Thread: Finding real and complex zeros of x^5 + 8x^2

1. Finding real and complex zeros of x^5 + 8x^2

Let $P(x) = x^5 + 8x^2$. Find all the zeros of P, real and complex.

I factor to this:
$0=x^2(x^3+8)$, giving me zeros of 0 and -2. ARE there any complex zeros? The reason I ask is because the next part of the question is "Express P as a product of linear and irreducible quadratic factors with real coefficients"

Where am I going wrong?

2. Originally Posted by cdbmath
Let $P(x) = x^5 + 8x^2$. Find all the zeros of P, real and complex.

I factor to this:
$0=x^2(x^3+8)$, giving me zeros of 0 and -2. ARE there any complex zeros? The reason I ask is because the next part of the question is "Express P as a product of linear and irreducible quadratic factors with real coefficients"

Where am I going wrong?
There are complex zeros.

Note that $P(x)=x^2(x^3+8)={\color{blue}x^2(x+2)}{\color{red} (x^2-2x+4)}$

The part highlighted in blue will give you the real solutions to $P(x)=0$ and the part highlighted in red will give you the complex solutions to $P(x)=0$.

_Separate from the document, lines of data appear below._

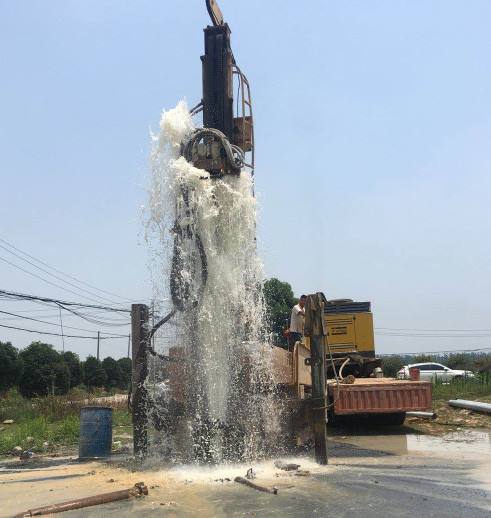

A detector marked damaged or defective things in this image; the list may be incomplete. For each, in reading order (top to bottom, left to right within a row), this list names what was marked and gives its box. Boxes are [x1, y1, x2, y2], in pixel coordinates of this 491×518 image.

rust-stained pipe [13, 482, 148, 516]
rust-stained pipe [236, 480, 278, 496] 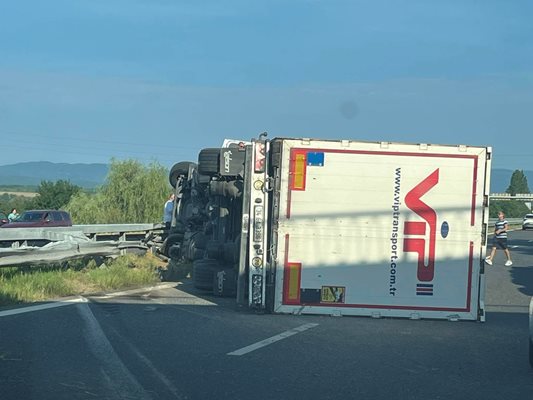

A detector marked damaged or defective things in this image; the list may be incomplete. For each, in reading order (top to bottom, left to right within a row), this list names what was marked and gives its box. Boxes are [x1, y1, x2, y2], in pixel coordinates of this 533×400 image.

overturned truck [161, 135, 490, 322] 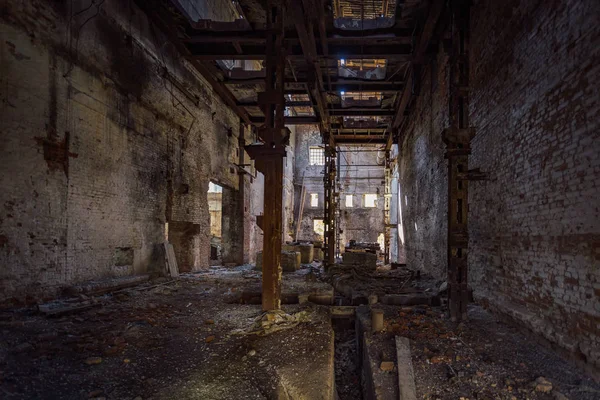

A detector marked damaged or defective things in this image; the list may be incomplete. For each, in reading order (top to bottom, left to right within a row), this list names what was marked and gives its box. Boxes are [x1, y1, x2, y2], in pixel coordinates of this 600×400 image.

Also note that $P(x)=x^2(x+2)(x^2-2x+4)$ is the answer to the second part of the question.

Does this clarify things?

3. Originally Posted by Chris L T521
There are complex zeros.

Note that $P(x)=x^2(x^3+8)={\color{blue}x^2(x+2)}{\color{red} (x^2-2x+4)}$

The part highlighted in blue will give you the real solutions to $P(x)=0$ and the part highlighted in red will give you the complex solutions to $P(x)=0$.

Also note that $P(x)=x^2(x+2)(x^2-2x+4)$ is the answer to the second part of the question.

Does this clarify things?
Thanks! I used long division to get $(x^4-2x^3+4x^2)$ and then took out $x^2$ to get $(x^2-2x+4)$... I was then able to get my complex zeros.